Moreover, even if they could state a valid claim, the Court could not grant Plaintiffs the relief they seek. Crucially, Plaintiffs fail to understand the relationship between right and remedy. Though every injury must have its proper redress,116 a court may not prescribe a remedy unhinged from the underlying right being asserted.117 By seeking injunctive relief preventing certification of the Pennsylvania election results, Plaintiffs ask this Court to do exactly that. Even assuming that they can establish that their right to vote has been denied, which they cannot, Plaintiffs seek to remedy the denial of their votes by invalidating the votes of millions of others. Rather than requesting that their votes be counted, they seek to discredit scores of other votes, but only for one race.118 This is simply not how the Constitution works.

When remedying an equal-protection violation, a court may either “level up” or “level down.”119 This means that a court may either extend a benefit to one that has been wrongfully denied it, thus leveling up and bringing that person on par with others who already enjoy the right,120 or a court may level down by withdrawing the benefit from those who currently possess it.121 Generally, “the preferred rule in a typical case is to extend favorable treatment” and to level up.122 In fact, leveling down is impermissible where the withdrawal of a benefit would necessarily violate the Constitution.123 Such would be the case if a court were to remedy discrimination by striking down a benefit that is constitutionally guaranteed. Here, leveling up to address the alleged cancellation of Plaintiffs’ votes would be easy; the simple answer is that their votes would be counted. But Plaintiffs do not ask to level up. Rather, they seek to level down, and in doing so, they ask the Court to violate the rights of over 6.8 million Americans. It is not in the power of this Court to violate the Constitution.124 “The disenfranchisement of even one person validly exercising his right to vote is an extremely serious matter.”125 “To the extent that a citizen’s right to vote is debased, he is that much less a citizen.”126 Granting Plaintiffs’ requested relief would necessarily require invalidating the ballots of every person who voted in Pennsylvania. Because this Court has no authority to take away the right to vote of even a single person, let alone millions of citizens, it cannot grant Plaintiffs’ requested relief. 

116 Marbury v. Madison, 5 U.S. 137, 147 (1803).
117 Gill, 138 S. Ct. at 1934 (“A plaintiff’s remedy must be tailored to redress the plaintiff’s particular injury.”) (citing Cuno, 547 U.S. at 353).
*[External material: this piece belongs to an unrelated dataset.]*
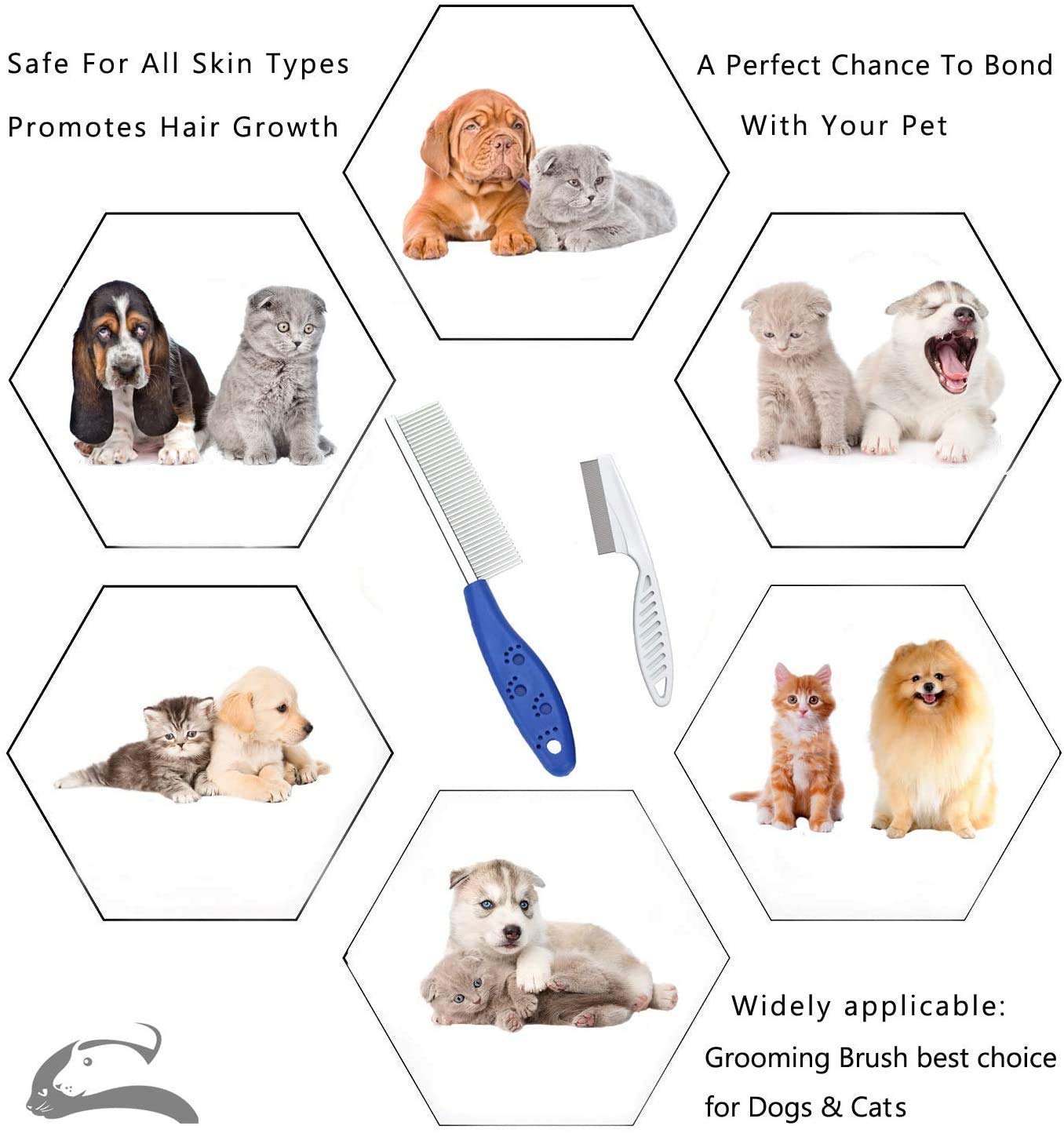 RvPaws Stainless Metal Flea Comb for Pets Grooming Comfortable to Use Dogs, Cats, Rabbit Fur Detangling Tool Flea and Tick Prevention for Animals (Single Side Comb) 2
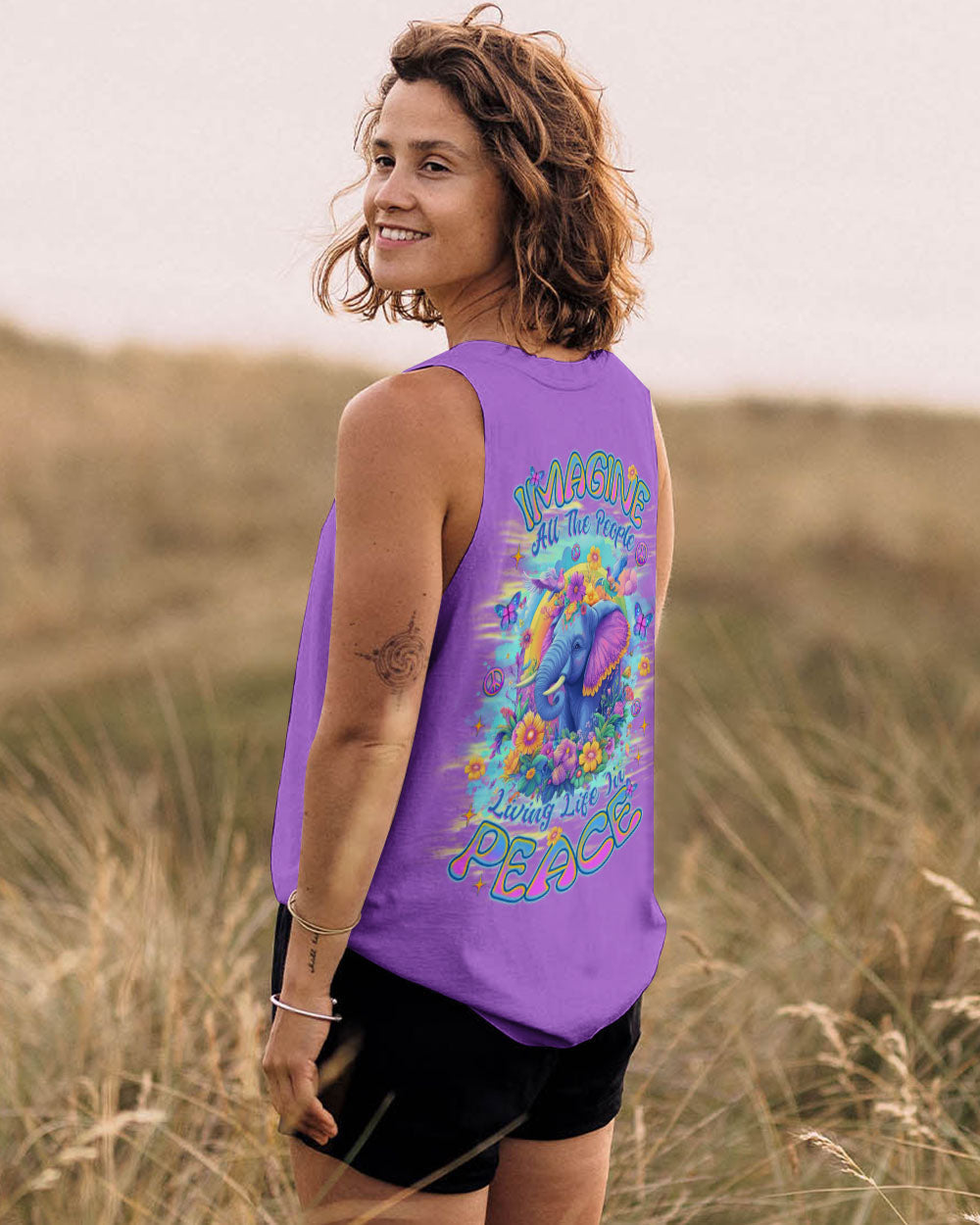 Imagine All the People Living Life in Peace Peaceful Elephant with Colorful Floral Vibes AOP Shirts _11_ A3TwD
118 Curiously, Plaintiffs now claim that they seek only to enjoin certification of the presidential election results. Doc. 183 at 1. They suggest that their requested relief would thus not interfere with other election results in the state. But even if it were logically possible to hold Pennsylvania’s electoral system both constitutional and unconstitutional at the same time, the Court would not do so.
119 Heckler v. Matthews, 465 U.S. 728, 740 (1984) (internal citations omitted).
120 Id. at 741; Califano v. Westcott, 443 U.S. 76, 90-91 (1979).
121 E.g., Sessions v. Morales-Santana, 137 S. Ct. 1678, 1701 (2017).
122 Id. (internal citations omitted).
123 See Palmer v. Thompson, 403 U.S. 217, 226-27 (1971) (addressing whether a city’s decision to close pools to remedy racial discrimination violated the Thirteenth Amendment); see also Reynolds, 377 U.S. at 554 (citing Mosley, 238 U.S. at 383).

However, it should be noted that Justice Ginsburg in Morales-Santana rejects this focus on particularized individual injury.  Even though that is the longstanding standard of standing, redressability, and remedies.  And what I, and other Remedies and Constitutional Law Scholars argued was the correct standard.   Instead, she finds that a equal protection remedy is sufficient if it corrects the unconstitutional government action.